◆ **Crawled caption data**
• • •

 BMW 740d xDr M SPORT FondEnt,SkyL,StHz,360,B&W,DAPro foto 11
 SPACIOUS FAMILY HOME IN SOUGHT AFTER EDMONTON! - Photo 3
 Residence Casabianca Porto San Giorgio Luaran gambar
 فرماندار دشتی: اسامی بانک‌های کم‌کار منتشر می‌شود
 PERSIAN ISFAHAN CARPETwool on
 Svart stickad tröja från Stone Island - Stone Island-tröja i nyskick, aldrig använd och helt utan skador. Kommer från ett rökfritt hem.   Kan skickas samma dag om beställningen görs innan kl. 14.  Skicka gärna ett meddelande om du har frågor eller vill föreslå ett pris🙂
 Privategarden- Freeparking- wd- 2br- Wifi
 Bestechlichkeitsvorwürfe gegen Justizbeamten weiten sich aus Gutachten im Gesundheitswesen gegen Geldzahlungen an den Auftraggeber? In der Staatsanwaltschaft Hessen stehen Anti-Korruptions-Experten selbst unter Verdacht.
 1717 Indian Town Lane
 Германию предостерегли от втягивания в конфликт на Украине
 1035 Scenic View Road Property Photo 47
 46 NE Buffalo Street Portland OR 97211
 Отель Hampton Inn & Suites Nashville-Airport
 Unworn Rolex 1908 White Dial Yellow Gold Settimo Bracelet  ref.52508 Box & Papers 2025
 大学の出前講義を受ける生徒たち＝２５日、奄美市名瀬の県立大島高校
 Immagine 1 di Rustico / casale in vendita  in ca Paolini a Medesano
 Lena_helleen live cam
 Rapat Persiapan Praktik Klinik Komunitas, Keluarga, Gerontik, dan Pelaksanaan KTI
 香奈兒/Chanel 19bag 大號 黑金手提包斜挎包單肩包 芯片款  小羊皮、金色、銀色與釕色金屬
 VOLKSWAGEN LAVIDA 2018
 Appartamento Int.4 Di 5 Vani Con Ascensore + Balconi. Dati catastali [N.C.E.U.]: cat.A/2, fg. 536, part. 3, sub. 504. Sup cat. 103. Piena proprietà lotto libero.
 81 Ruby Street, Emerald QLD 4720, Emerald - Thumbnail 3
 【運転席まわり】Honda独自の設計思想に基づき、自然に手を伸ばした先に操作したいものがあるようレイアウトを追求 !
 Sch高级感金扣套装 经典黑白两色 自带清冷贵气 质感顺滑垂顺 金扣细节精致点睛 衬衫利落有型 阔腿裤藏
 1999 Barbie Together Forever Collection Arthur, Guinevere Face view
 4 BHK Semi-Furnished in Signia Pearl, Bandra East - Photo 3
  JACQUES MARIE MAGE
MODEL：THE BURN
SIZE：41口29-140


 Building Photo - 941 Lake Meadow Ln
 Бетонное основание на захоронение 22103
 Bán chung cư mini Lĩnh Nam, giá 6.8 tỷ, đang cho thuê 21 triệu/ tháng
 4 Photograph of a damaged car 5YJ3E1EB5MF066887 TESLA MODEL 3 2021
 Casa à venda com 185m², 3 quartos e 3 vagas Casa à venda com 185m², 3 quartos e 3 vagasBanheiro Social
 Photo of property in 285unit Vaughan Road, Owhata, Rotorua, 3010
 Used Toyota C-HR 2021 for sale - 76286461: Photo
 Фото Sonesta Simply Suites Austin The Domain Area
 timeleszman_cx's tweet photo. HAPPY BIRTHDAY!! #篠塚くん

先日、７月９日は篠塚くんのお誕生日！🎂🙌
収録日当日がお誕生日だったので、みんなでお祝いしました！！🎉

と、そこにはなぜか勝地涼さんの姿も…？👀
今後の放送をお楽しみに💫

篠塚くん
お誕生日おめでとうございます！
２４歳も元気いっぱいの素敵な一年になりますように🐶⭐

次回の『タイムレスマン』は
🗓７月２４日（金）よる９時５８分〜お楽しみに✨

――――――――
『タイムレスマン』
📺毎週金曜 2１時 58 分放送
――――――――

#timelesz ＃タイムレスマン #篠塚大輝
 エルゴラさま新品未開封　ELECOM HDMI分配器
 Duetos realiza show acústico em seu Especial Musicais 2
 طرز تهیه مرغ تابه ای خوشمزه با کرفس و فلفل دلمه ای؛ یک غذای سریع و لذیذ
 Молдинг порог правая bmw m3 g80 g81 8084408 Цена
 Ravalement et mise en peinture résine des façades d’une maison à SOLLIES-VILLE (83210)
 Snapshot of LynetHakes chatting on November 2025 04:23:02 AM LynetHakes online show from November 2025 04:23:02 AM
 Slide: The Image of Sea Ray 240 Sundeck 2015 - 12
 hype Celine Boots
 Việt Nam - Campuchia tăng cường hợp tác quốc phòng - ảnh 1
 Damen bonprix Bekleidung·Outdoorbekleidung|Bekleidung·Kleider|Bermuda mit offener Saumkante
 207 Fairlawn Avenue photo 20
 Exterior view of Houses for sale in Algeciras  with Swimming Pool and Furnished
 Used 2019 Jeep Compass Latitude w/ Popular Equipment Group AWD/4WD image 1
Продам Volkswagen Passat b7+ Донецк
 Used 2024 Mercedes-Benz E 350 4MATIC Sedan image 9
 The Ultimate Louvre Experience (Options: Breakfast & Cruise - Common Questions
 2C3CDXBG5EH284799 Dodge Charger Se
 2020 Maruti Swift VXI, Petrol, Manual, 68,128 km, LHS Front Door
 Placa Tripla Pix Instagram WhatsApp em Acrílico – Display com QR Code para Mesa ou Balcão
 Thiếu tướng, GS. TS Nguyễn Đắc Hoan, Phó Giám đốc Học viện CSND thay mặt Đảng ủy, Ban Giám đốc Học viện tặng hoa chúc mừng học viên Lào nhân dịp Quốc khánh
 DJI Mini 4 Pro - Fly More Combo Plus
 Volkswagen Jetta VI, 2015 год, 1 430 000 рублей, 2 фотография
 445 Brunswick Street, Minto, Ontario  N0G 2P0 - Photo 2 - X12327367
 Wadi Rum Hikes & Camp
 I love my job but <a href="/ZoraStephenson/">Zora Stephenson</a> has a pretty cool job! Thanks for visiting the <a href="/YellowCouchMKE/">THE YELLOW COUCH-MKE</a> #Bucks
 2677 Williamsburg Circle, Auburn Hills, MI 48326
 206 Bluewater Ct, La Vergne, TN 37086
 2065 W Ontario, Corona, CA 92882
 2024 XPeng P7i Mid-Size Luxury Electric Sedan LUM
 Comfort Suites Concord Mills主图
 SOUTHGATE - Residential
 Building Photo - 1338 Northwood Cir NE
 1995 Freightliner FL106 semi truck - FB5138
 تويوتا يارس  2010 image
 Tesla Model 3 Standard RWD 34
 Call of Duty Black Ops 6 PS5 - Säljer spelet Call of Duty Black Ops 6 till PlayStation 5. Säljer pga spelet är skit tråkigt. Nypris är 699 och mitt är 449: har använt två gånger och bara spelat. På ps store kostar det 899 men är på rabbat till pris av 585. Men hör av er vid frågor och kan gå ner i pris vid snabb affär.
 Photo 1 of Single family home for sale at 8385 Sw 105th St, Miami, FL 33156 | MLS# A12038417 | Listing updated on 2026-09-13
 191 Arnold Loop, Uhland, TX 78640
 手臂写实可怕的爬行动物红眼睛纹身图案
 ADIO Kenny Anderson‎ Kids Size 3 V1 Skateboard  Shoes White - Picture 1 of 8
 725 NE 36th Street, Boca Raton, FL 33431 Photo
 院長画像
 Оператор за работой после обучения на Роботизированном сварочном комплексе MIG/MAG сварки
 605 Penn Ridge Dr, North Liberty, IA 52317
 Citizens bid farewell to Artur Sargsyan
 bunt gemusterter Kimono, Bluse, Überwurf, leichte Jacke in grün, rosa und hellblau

• • •

◆ **Problem requirements**
Set down, exactly as they stand above, the lines starting with the line with "SPACIOUS FAMILY HOME" and going on through the line with "PERSIAN ISFAHAN CARPETwool on", and no others.

◆ **Answer section**
 SPACIOUS FAMILY HOME IN SOUGHT AFTER EDMONTON! - Photo 3
 Residence Casabianca Porto San Giorgio Luaran gambar
 فرماندار دشتی: اسامی بانک‌های کم‌کار منتشر می‌شود
 PERSIAN ISFAHAN CARPETwool on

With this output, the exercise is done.